Understanding the phases in the IVF process
Ovarian and Uterine Preparation
During the first phase, you take medication to suppress the production of eggs and drop estrogen levels, which can be necessary to establish control over the patient’s cycle.
Following this phase of ovarian suppression, the ovarian stimulation phase begins, in which you take medication to boost the production of eggs. In a typical menstrual cycle, a single egg is produced, but ovarian stimulation allows for the creation of multiple eggs per cycle, thereby increasing the chance of a successful IVF.
Preparing and Retrieving the Eggs
Once your ovarian follicles are ready, a pregnancy hormone is injected in order for the ovaries to start preparing the eggs for maturation and ovulation. After this is done, the eggs are ready for retrieval. The physician will retrieve the eggs using ultrasound imaging in order to guide them in this intervention.
Egg Fertilization
The Laboratory team then exposes the eggs to sperm, which should lead to egg fertilization. At this stage, the embryos can either be transferred into your uterus, or frozen for transfer at a later date.
Embryo Transfer
The embryo (or, more rarely, multiple embryos) with the most chances to successfully implant is transferred into your womb. Usually, the time period between the egg retrieval and transfer is 5 days.
Pregnancy Testing
Two weeks after the transfer, you find out whether the implantation was successful. Once your pregnancy is confirmed, your team will closely monitor your situation, including your beta HCG levels and the embryo to make sure it is developing normally and implanted in the correct location in the uterus.
Accompanying Procedures to IVF
Intracytoplasmic Sperm Injection (ICSI)
In certain cases, the sperm is not able to penetrate the egg’s shell (which is the case in natural conception and IVF), for instance when the male patient’s sperm presents an abnormally low sperm count or sperm cannot be obtained without surgical techniques.
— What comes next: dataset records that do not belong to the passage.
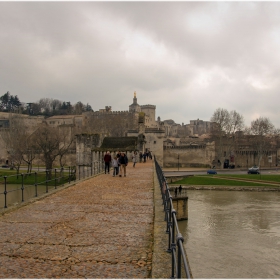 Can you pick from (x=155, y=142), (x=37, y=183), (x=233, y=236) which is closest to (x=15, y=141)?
(x=155, y=142)

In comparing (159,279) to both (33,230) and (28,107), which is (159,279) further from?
(28,107)

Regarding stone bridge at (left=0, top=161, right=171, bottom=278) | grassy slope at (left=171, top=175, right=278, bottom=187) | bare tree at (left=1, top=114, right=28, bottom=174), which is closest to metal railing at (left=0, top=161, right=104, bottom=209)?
stone bridge at (left=0, top=161, right=171, bottom=278)

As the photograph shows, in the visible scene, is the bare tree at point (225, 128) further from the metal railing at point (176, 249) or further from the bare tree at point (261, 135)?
the metal railing at point (176, 249)

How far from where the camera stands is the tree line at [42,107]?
114m

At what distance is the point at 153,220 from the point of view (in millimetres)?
8000

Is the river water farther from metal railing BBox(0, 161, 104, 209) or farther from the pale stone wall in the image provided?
the pale stone wall

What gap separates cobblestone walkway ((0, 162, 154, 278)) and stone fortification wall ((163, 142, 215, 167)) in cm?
5130

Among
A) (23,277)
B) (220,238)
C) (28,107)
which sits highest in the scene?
(28,107)

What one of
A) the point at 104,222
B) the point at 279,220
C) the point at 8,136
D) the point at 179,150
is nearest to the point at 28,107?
the point at 8,136

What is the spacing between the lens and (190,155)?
62312 mm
The embryologist may then elect to perform an Intracytoplasmic Sperm Injection (ICSI), that allows them to inject a single sperm into a mature egg.
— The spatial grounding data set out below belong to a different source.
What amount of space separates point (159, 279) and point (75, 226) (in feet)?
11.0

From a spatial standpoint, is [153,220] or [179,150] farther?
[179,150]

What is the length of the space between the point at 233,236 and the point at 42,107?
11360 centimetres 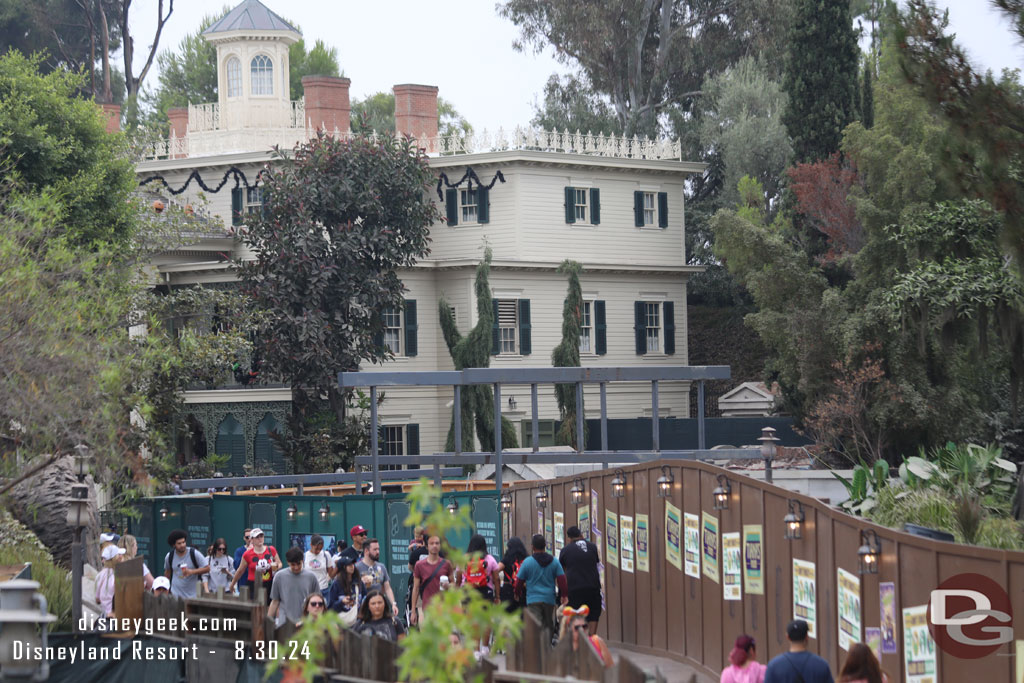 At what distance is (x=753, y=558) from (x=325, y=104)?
3601cm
Percutaneous Epididymal Sperm Aspiration (PESA)
In cases where the male patient is not able to provide sperm naturally, the medical team can collect it from the epididymis using a fine needle. The procedure can be performed on a patient under local anesthesia, and the sperm collected must be used in an IVF procedure.
Testicular Sperm Aspiration (TESA)
TESA refers to a surgical technique used to collect a small sample of tissue from the testicle. TESA usually does not allow for retrieving enough sperm for freezing, but can be used if other sperm retrieval techniques are unsuccessful. After sperm is collected through TESA, it must be used in an ICSI.